Werner von Ebrennac représente l’homme modelé par une idéologie. Dans ce cas-ci, celle du nazisme. Car l’être humain est un produit social : c’est à travers l’éducation que la société transmet ses valeurs.

Ce personnage ne va pas jusqu’à répudier positivement l’idéologie du nazisme, et c’est pour cela qu’il n’a pas la force de rompre avec elle. Il n’a pas le courage de faire ce saut qualitatif qui le conduirait à devenir le héros libérateur (cf. Prométhée). Au lieu de combattre le monstre et de s’unir à la Résistance française, dévoré par les remords stériles, il préfère aller mourir sur le front russe : il est donc, à notre sens, un anti-héros.

Notre officier a pris une décision qui constitue une sorte d’évasion finale de la réalité ; mais il a aussi livré un combat et effectué un voyage initiatique. Ebrennac est ainsi devenu, comme le narrateur et sa nièce, une victime de la guerre.

3.2. L’ONCLE – NARRATEUR

Le personnage de l’oncle est, à notre avis, le plus complexe à interpréter – peut-être parce qu’il a été choisi par l’auteur comme narrateur ? Il pourrait être considéré comme le personnage principal de l’œuvre, car, de la première ligne à la dernière, il nous raconte l’histoire sans se priver de nous donner son point de vue, ses sentiments et ses jugements sur les événements.
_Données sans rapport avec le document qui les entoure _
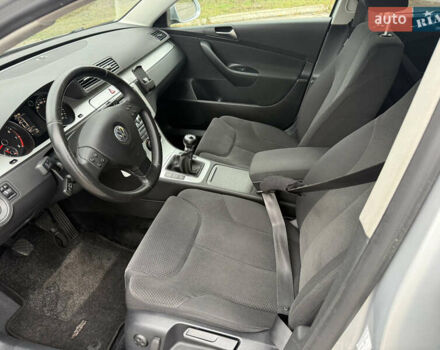 Серый Фольксваген Пассат, объемом двигателя 1.4 л и пробегом 225 тыс. км за 6850 $, фото 9 на Automoto.ua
A travers les réflexions de l’oncle on perçoit clairement la pensée de Vercors, mais à cause de son faible caractère – il est souvent dominé par sa nièce ou par les événements -, il laisse l’histoire suivre son cours, sans s’impliquer dans la dure et radicale décision du début, de ne JAMAIS s’adresser à l’ennemi.

« D’un accord tacite nous avions décidé MA NIECE et moi de ne rien changer à notre vie… [19] . »

« Ma nièce tricotait avec une vivacité mécanique. Elle ne jeta pas les yeux sur lui, pas une fois [20] »

L’oncle est le personnage le plus âgé, celui qui devrait donner l’exemple, le chef de famille ; mais, encore plus que Werner von Ebrennac et sa nièce, il subit un manque. Il vit presque une vie de couple avec sa jeune nièce et il a un caractère faible, ce qui l’amène souvent à douter de ses premières décisions.

Il accepte de garder le silence, de faire semblant que l’officier n’existe pas, par convenance ; il y est contraint par la situation, mais du point de vue humain on perçoit chez lui, tout au long de l’œuvre, une grande hésitation et le désir de communiquer avec Ebrennac.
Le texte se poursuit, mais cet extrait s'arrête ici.